Top of Source material
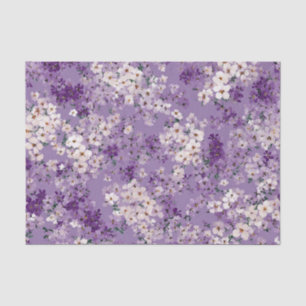 Lilac White Ditsy Pastel Boho 70s Vintage Floral Tissue Paper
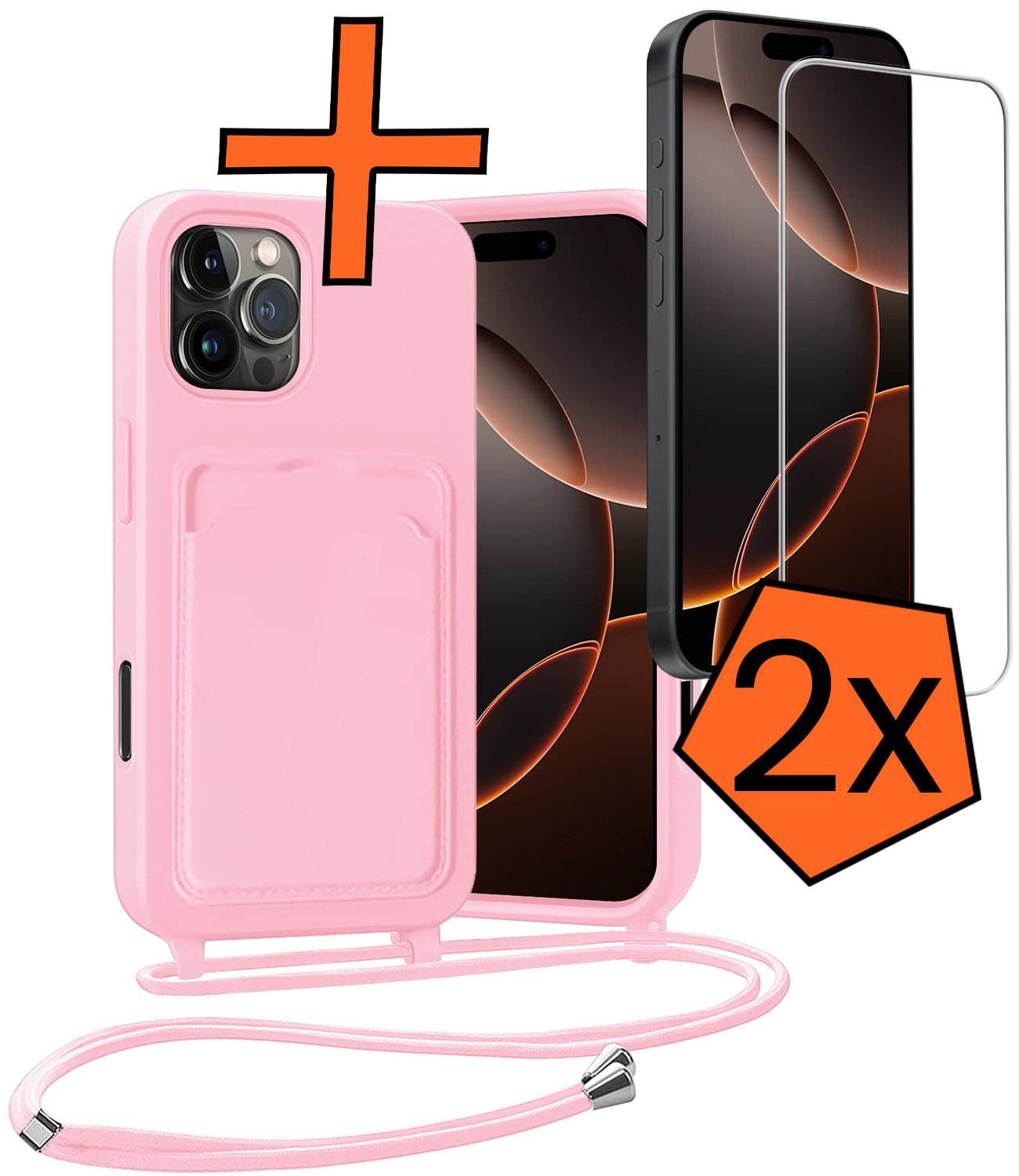 Nomfy Nomfy iPhone 16 Pro Max Hoesje Pashouder met Koord Met 2x Screenprotector - Lichtroze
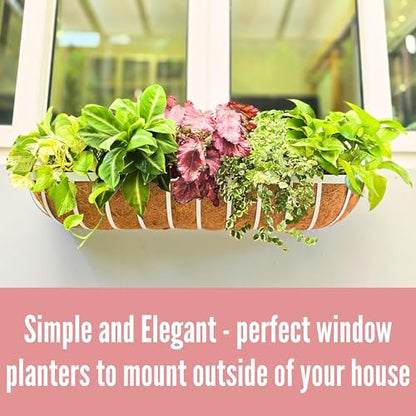 LaLaGreen Outdoor Planter Boxes (36 Inch, 2 Pack) White Metal Deck Railings Flower Box with Coco Liner, Rectangular Wall Planters for Window Plants Horse Troughs Fence Balcony Modern Herb Patio Porch - size: 36 Inch (2 Pack)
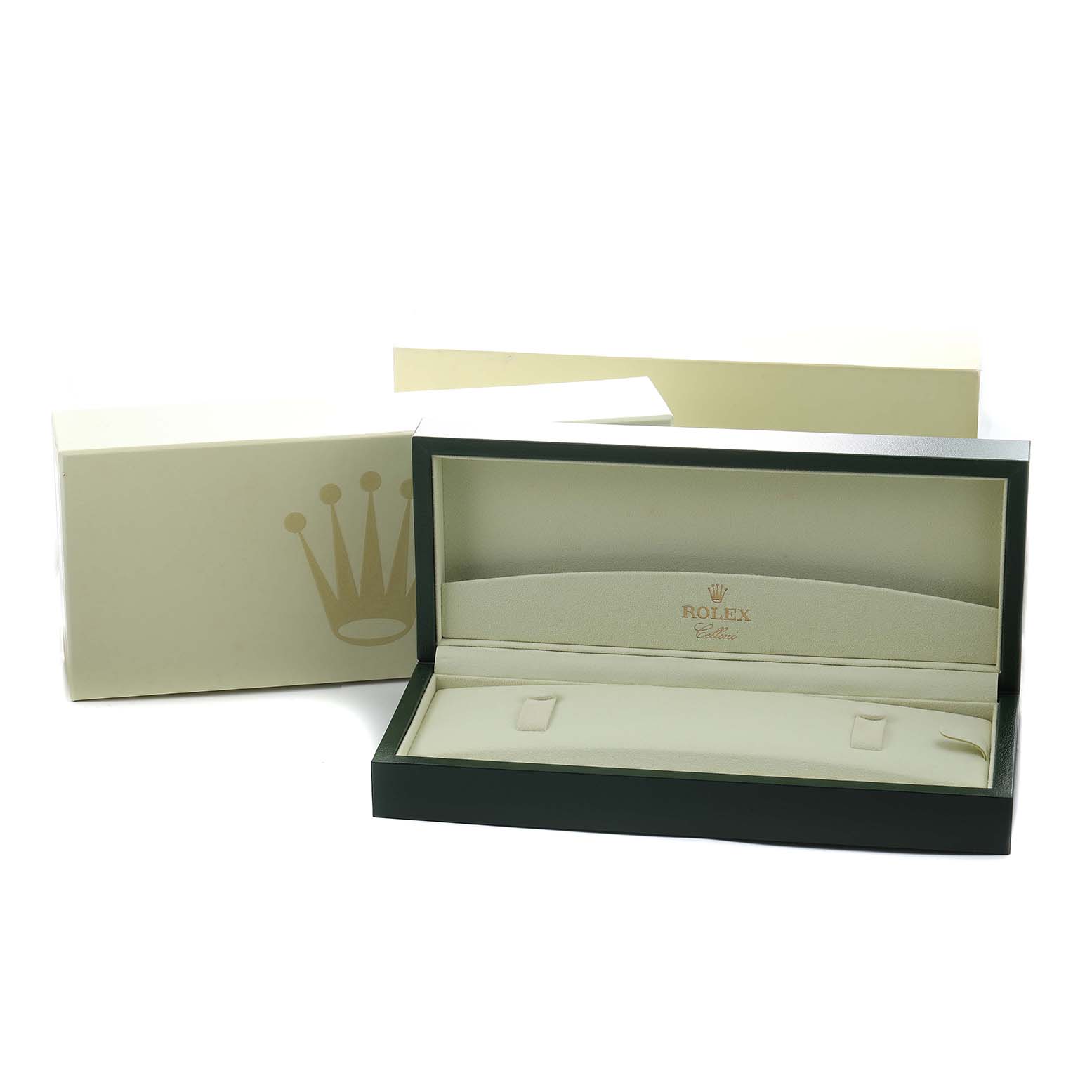 The image shows the open box and outer packaging for a Rolex Cellini 50709 Men's White Gold Silver Dial watch, with branding visible on the interior.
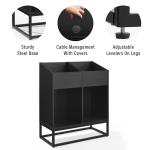 Enzo Black 4-Section Record Storage Media Cabinet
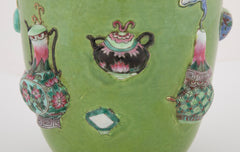 Pair of Very Good Quality Chinese Vases with Relief Decoration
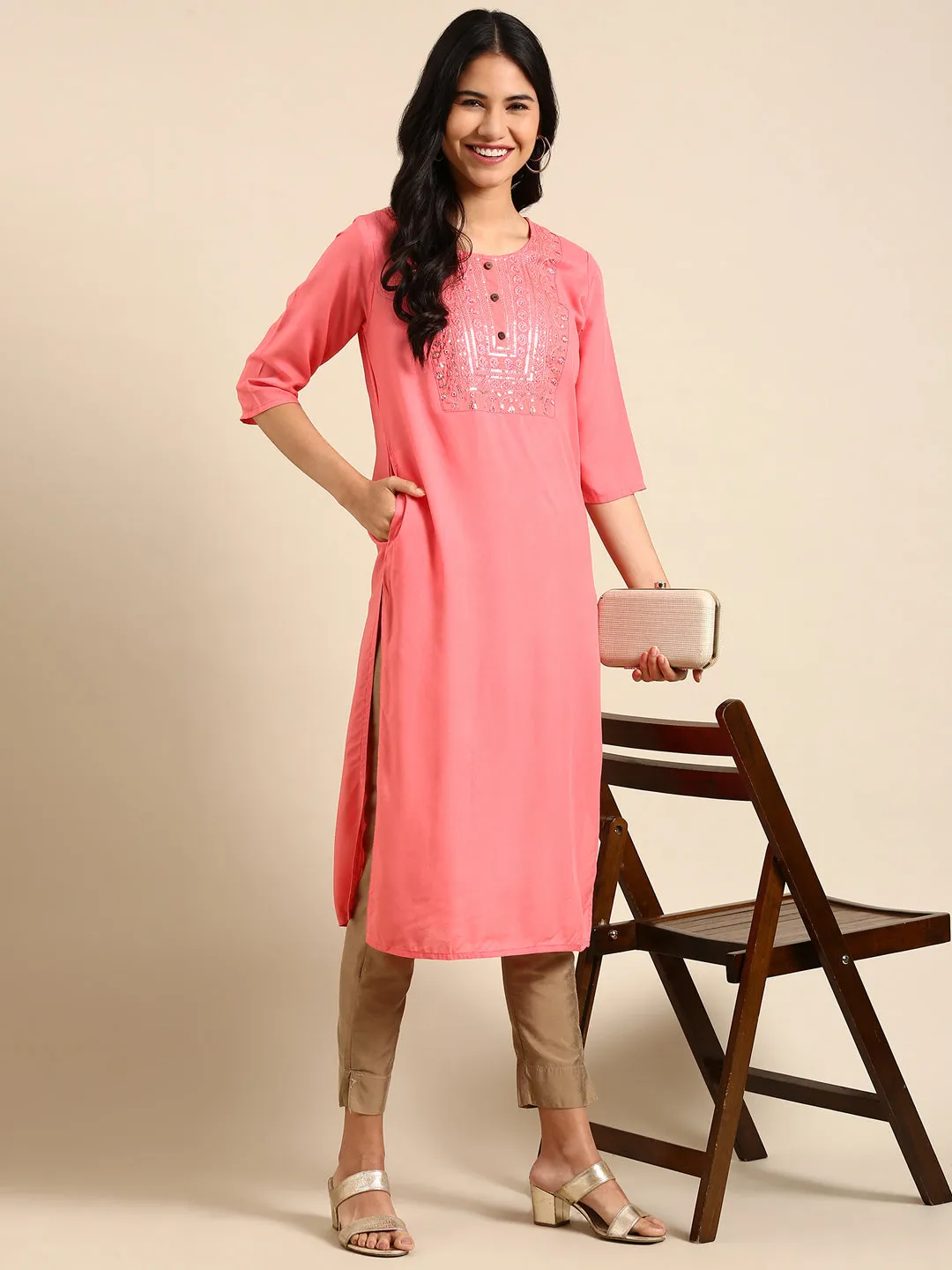 Women's Coral Solid Straight Kurta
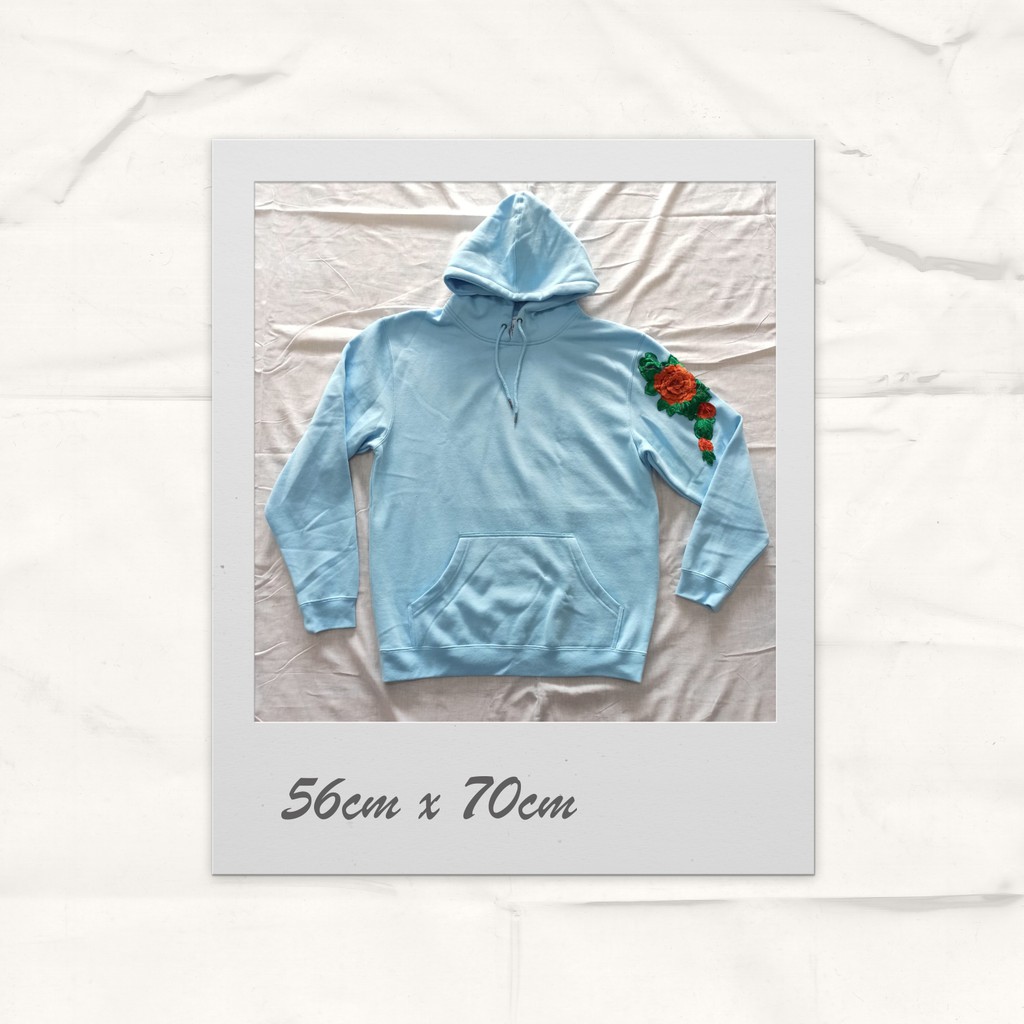 Jaket Hoodie Biru Muda variasi Brokat Bordir Kebaya ONLY Jaket Unik Aneh Custom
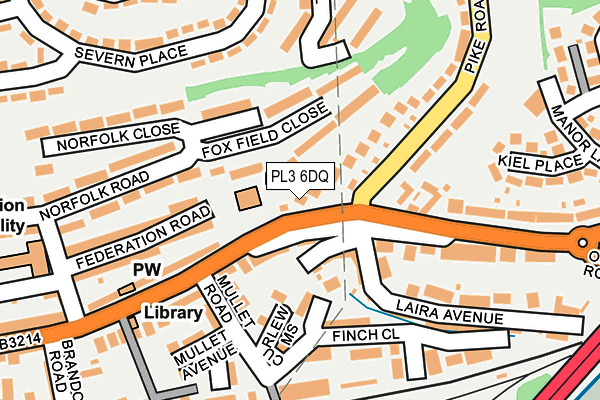 PL3 6DQ map - OS OpenMap – Local (Ordnance Survey)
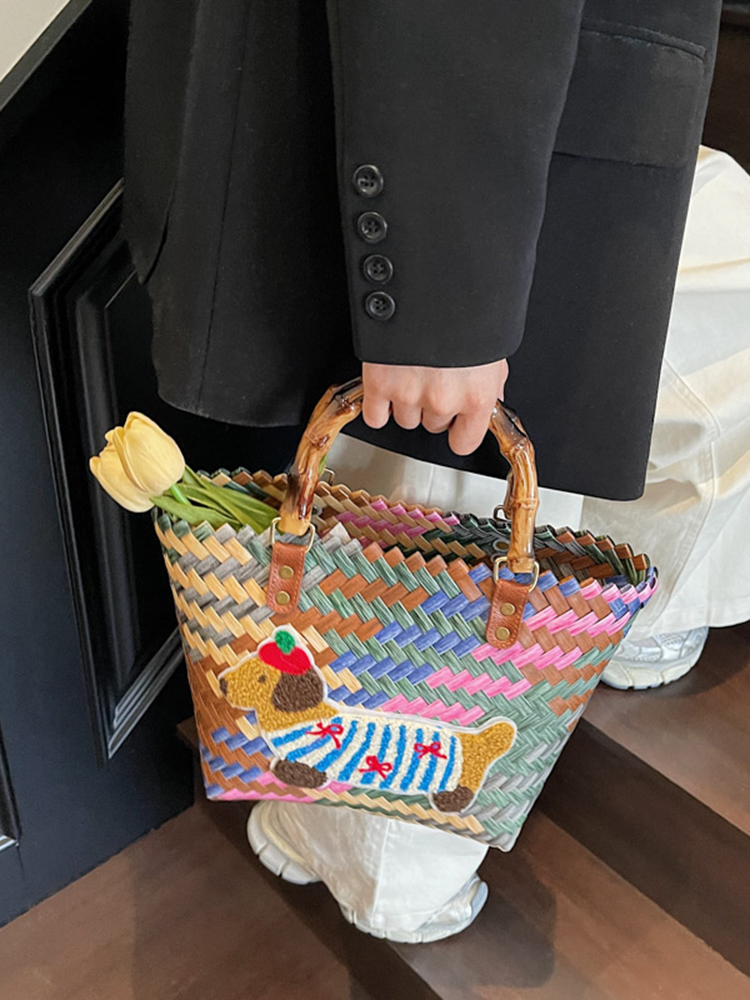 2025 Women's Handheld Bamboo Joint Beach Bag - Color-Blocking Woven Travel Basket for Shopping & Summer Style 2025 Women's Handheld Bamboo Joint Beach Bag - Color-Blocking Woven Travel Basket for Shopping & Summer Style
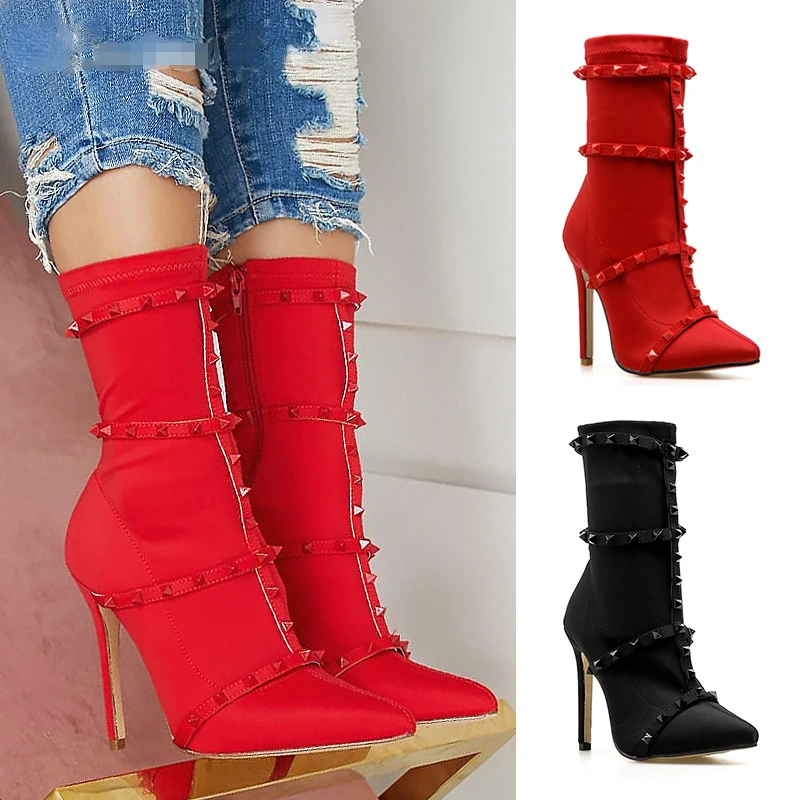 

Luxury Women High Heels Boots Fetish Rivets Silk Sock Boots Sexy Ladies Stilettos Ankle Boots Scarpins Studded Red Autumn Shoes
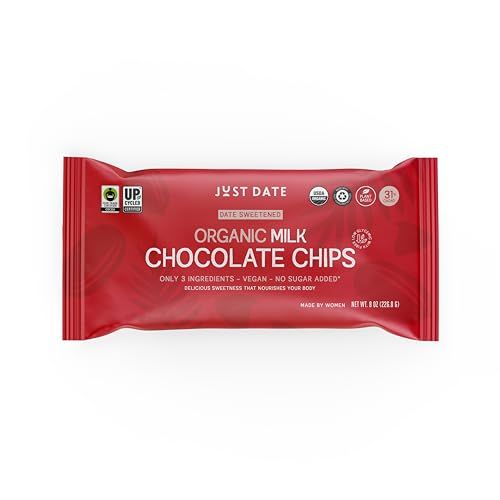 Just Date Organic Date Sweetened Milk Chocolate Chips / 35% Cacao / Vegan / No Sugar Added / Only 4 Ingredients / Low Glycemic Index / 8 Oz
Bottom of Source material
◆ What the task asks:
Print exactly the lines from the first line of the records above through the line containing "Luxury Women High", leaving out the pictures.

◆ Response to the exercise:
 Lilac White Ditsy Pastel Boho 70s Vintage Floral Tissue Paper
 Nomfy Nomfy iPhone 16 Pro Max Hoesje Pashouder met Koord Met 2x Screenprotector - Lichtroze
 LaLaGreen Outdoor Planter Boxes (36 Inch, 2 Pack) White Metal Deck Railings Flower Box with Coco Liner, Rectangular Wall Planters for Window Plants Horse Troughs Fence Balcony Modern Herb Patio Porch - size: 36 Inch (2 Pack)
 The image shows the open box and outer packaging for a Rolex Cellini 50709 Men's White Gold Silver Dial watch, with branding visible on the interior.
 Enzo Black 4-Section Record Storage Media Cabinet
 Pair of Very Good Quality Chinese Vases with Relief Decoration
 Women's Coral Solid Straight Kurta
 Jaket Hoodie Biru Muda variasi Brokat Bordir Kebaya ONLY Jaket Unik Aneh Custom
 PL3 6DQ map - OS OpenMap – Local (Ordnance Survey)
 2025 Women's Handheld Bamboo Joint Beach Bag - Color-Blocking Woven Travel Basket for Shopping & Summer Style 2025 Women's Handheld Bamboo Joint Beach Bag - Color-Blocking Woven Travel Basket for Shopping & Summer Style

Luxury Women High Heels Boots Fetish Rivets Silk Sock Boots Sexy Ladies Stilettos Ankle Boots Scarpins Studded Red Autumn Shoes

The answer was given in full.